Nie ulicami a chodnikami i nie Równości, a Równych. Nową nazwę zaprezentowali pomysłodawcy postępowego pochodu w Gdynii. Jak się udało? Organizatorzy mówią o „kilkuset osobach”, lokalne media – o dwustu. Jedno jest pewne – frekwencja na marszu była wyraźnie wyższa od liczby homofobów, którzy próbowali zakłócić wydarzenie.

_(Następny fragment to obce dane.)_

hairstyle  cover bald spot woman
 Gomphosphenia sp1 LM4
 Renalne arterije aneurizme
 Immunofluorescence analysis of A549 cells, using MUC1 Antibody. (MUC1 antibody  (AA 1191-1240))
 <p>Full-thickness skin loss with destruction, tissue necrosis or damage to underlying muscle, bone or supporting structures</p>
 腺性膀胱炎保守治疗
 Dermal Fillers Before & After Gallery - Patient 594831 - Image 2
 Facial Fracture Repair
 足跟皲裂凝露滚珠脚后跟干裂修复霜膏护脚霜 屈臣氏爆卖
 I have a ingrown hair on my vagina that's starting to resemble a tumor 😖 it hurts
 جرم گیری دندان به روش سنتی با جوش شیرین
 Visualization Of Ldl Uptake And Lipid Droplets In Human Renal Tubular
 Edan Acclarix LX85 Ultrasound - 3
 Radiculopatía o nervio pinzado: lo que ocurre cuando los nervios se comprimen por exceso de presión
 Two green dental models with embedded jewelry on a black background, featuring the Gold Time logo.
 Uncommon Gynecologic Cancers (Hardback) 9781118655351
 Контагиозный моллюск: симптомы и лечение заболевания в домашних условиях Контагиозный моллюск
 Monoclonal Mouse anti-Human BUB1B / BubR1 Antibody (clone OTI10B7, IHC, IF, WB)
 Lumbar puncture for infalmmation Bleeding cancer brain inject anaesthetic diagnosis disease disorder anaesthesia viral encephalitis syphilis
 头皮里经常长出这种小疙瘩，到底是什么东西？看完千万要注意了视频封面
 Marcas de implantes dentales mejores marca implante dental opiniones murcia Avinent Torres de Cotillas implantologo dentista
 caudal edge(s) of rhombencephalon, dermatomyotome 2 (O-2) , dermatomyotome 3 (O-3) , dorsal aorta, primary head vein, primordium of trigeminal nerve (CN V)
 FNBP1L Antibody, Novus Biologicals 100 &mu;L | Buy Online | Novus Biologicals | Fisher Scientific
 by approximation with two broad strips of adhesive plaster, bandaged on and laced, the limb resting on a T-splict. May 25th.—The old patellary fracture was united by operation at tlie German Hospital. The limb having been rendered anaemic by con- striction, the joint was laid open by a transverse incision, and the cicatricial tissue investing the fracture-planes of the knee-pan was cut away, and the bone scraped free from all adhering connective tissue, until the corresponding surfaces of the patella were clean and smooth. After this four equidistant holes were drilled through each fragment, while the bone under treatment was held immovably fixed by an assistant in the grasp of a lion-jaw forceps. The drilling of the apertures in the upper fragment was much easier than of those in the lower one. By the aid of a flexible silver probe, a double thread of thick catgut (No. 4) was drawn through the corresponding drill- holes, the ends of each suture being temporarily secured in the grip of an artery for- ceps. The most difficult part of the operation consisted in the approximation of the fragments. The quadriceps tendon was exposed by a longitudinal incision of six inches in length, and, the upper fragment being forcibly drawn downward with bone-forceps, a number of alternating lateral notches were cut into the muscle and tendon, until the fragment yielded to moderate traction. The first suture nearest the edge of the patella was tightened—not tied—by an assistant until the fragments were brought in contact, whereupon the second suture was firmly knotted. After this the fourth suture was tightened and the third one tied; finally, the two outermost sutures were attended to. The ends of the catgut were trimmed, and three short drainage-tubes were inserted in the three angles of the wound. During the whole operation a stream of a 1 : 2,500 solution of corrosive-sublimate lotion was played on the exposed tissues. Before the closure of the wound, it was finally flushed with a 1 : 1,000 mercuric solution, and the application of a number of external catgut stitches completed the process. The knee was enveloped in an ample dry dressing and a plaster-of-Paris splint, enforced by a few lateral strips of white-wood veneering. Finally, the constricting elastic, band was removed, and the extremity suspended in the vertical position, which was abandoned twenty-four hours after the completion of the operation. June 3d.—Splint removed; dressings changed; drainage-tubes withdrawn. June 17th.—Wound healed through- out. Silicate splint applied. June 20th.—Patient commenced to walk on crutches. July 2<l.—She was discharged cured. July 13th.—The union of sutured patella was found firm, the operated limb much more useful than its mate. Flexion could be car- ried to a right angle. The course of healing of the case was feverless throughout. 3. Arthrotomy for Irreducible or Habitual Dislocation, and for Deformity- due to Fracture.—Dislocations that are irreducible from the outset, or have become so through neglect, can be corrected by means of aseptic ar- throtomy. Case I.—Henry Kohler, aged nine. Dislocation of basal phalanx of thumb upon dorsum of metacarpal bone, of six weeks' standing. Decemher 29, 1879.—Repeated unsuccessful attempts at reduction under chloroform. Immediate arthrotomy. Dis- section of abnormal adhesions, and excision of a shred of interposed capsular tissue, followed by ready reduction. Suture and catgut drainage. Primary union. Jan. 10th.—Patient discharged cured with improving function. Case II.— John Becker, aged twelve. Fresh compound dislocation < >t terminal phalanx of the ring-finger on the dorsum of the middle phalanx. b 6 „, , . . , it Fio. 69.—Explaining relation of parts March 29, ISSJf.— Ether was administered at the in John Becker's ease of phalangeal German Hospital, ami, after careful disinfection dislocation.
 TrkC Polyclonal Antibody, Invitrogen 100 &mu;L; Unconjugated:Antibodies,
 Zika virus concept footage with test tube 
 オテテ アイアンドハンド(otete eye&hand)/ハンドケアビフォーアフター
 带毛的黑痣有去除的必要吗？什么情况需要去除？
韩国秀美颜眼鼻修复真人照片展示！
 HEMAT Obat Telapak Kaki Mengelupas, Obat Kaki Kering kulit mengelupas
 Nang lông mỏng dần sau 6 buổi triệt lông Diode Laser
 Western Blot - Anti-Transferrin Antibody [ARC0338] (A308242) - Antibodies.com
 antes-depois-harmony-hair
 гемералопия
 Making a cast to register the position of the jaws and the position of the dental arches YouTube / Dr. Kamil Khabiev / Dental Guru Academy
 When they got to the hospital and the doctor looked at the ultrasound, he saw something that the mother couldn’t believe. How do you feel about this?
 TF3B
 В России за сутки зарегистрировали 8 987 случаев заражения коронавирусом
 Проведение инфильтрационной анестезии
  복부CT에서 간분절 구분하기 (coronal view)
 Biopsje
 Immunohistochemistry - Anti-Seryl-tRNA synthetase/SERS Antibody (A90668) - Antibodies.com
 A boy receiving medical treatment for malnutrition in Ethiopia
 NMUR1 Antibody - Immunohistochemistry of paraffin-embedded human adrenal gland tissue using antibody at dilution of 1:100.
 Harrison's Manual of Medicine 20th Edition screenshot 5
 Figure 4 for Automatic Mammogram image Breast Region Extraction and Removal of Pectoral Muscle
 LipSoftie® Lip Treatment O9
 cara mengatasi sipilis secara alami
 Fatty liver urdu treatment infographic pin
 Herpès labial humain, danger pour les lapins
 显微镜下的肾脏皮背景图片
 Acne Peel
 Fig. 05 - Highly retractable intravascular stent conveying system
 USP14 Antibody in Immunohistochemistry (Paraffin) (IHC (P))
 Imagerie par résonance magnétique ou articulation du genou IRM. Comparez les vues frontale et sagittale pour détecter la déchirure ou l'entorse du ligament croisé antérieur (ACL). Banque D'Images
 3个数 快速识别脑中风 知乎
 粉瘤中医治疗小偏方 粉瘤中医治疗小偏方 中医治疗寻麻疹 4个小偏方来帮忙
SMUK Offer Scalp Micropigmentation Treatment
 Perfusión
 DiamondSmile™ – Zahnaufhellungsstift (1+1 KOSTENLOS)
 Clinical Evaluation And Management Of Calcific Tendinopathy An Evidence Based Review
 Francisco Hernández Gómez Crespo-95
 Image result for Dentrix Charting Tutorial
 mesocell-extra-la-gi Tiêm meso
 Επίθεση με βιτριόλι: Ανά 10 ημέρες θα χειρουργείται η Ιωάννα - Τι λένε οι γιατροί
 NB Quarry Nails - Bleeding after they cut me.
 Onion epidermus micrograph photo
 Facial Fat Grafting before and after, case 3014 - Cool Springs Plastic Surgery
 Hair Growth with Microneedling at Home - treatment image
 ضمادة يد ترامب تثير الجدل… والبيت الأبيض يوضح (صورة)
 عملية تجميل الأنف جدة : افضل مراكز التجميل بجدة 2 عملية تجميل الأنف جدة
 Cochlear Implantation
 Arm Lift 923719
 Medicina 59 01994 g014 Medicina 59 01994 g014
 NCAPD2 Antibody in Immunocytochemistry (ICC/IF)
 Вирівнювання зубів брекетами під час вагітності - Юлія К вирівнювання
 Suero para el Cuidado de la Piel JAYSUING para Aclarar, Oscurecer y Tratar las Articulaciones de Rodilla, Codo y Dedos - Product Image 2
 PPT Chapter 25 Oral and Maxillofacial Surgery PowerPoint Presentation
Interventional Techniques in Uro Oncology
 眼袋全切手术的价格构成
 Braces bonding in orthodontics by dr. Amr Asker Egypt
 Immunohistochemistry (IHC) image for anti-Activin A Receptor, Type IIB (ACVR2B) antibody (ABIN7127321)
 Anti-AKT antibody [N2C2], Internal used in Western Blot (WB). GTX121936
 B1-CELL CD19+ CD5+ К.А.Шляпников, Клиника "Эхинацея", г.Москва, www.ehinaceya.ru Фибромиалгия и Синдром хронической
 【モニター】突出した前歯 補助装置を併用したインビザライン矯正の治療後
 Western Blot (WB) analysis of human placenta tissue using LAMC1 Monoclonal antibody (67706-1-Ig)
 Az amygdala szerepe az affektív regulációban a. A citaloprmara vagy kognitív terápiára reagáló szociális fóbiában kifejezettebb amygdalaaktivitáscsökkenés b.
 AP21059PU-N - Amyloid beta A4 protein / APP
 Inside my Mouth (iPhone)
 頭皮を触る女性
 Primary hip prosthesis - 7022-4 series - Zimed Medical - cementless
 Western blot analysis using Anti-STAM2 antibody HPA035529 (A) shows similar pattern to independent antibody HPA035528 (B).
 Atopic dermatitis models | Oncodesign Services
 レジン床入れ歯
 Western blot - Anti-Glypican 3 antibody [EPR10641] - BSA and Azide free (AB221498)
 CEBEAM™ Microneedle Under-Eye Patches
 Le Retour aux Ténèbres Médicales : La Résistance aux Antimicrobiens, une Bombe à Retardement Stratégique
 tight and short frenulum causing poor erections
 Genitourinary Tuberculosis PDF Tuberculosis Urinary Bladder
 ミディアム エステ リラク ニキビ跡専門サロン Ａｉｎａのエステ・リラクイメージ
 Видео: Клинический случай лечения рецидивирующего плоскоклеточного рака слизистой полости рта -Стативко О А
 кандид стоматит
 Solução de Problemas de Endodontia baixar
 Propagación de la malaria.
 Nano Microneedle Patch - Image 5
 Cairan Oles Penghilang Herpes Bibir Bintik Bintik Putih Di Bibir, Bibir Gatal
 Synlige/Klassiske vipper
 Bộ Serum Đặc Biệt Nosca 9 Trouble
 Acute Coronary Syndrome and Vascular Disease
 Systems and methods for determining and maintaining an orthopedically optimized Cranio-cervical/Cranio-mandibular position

Marsz przeszedł chodnikami. Organizatorzy zdecydowali się nie zajmować jezdni. Dlaczego? – Kolektywnie ustaliliśmy, że skoro 11.11 blokuje ulice i utrudnia życie gdynianom, to lepsza będzie taka forma. Strajki Kobiet szły także chodnikami i wychodziło to dobrze. To również łatwiejszy dostęp dla osób z niepełnosprawnościami – tłumaczą w rozmowie ze Strajkiem.eu pomysłodawcy Marszu Równych.
„Nacjonalizm to się leczy”, „Bób humor edukacja seksualna”, „Kobiety do polityki”. „Nasza Gdynia jest tęczowa”, „Wolność, równość, akceptacja”, „Solidarność naszą bronią”, „Chcemy kochać, nie umierać” – można było przeczytać na transparentach.
Czym zatem różni się koncepcja Marszu Równych od Marszów Równości?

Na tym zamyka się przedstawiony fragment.